Comme pour tout dispositif nouveau, on n’échappera pas à des difficultés pratiques et à des interrogations sur le sens et la portée du dispositif, notamment sur son articulation avec, d’une part le PSE, d’autre part le PDV. L’articulation avec un éventuel PSE constitue l’une des principales interrogations. La crainte de voir la RCC utilisée comme un PSE déguisé n’est pas pur fantasme. L’entreprise aura souvent un objectif cible en termes de suppressions d’emploi et il est tout sauf certain qu’il y ait suffisamment de volontaires pour l’atteindre. Il est totalement exclu, dans le cadre de l’accord de RCC, de prévoir qu’en cas de nombre insuffisant de partants, un plan de licenciement sera organisé car le texte des ordonnances prévoit que l’accord de RCC exclut « tout licenciement pour atteindre les objectifs qui lui sont assignés en termes de suppression d’emplois ». Sur cette base, l’entreprise ne pourra pas, quelques semaines, sans doute pas non plus quelques mois après, se lancer dans un plan de licenciement.
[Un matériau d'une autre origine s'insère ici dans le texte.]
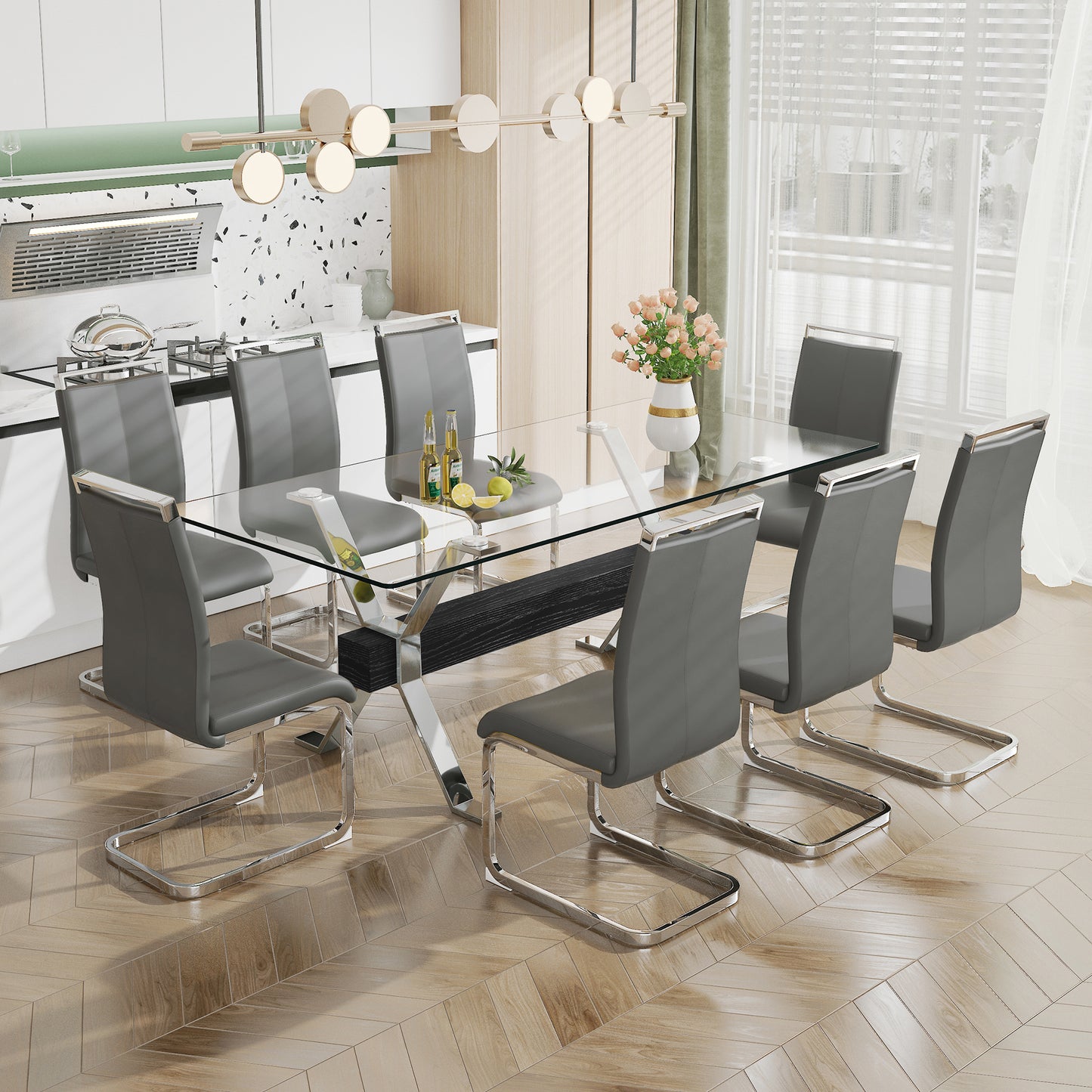Modern Luxury Tempered Chrome Plated Glass Table with Black Support Crossbar_7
Mais comment juger de la durée ? S’agira-t-il de la durée de mise en œuvre de l’accord de RCC (obligatoirement prévue par l’accord), auquel cas il est indispensable de la négocier avec la plus grande attention ? On regrettera que les textes n’aient pas prévu une période (à tout le moins une exigence de durée raisonnable) avant laquelle aucun plan de licenciement ne peut être engagé, ou à tout le moins, qu’il n’ait pas été prévu que les exonérations fiscales et sociales (adoptées par la loi de finances pour 2018) seront subordonnées à l’absence de PSE pendant, par exemple, 12 mois.
Autre difficulté, que l’on constate d’ores et déjà au vu des premières négociations sur les RCC : quelle articulation avec les PDV ? À première vue, on pourrait se dire que la RCC remplace les PDV dits autonomes, c’est-à-dire ceux ne se traduisant par aucune suppression d’emploi ; ne subsisteraient que les PDV multifonctions, en tant que modalités d’un PSE. Les textes n’autorisent pas à acter une telle exclusivité de la RCC. Mais dans ce cas, doit-on considérer qu’il est encore possible d’utiliser la voie, à la fois du PDV unilatéral et du PDV négocié ? L’enjeu est tout sauf anodin dans le contexte des négociations sur la mise en place d’un accord RCC car le PDV est plus avantageux pour les salariés (application, certes partielle, du droit du licenciement pour motif économique).
Ces problèmes de frontières figurent parmi les nombreuses interrogations que soulève un dispositif qui, d’ores et déjà, attire mais dont il est trop tôt pour dire s’il aboutira ou non à des accords. La stratégie syndicale vis-à-vis de ce nouveau-né (s’engager dans des RCC ; préférer les PDV classiques voire les PSE négociés ?) sera évidemment déterminante.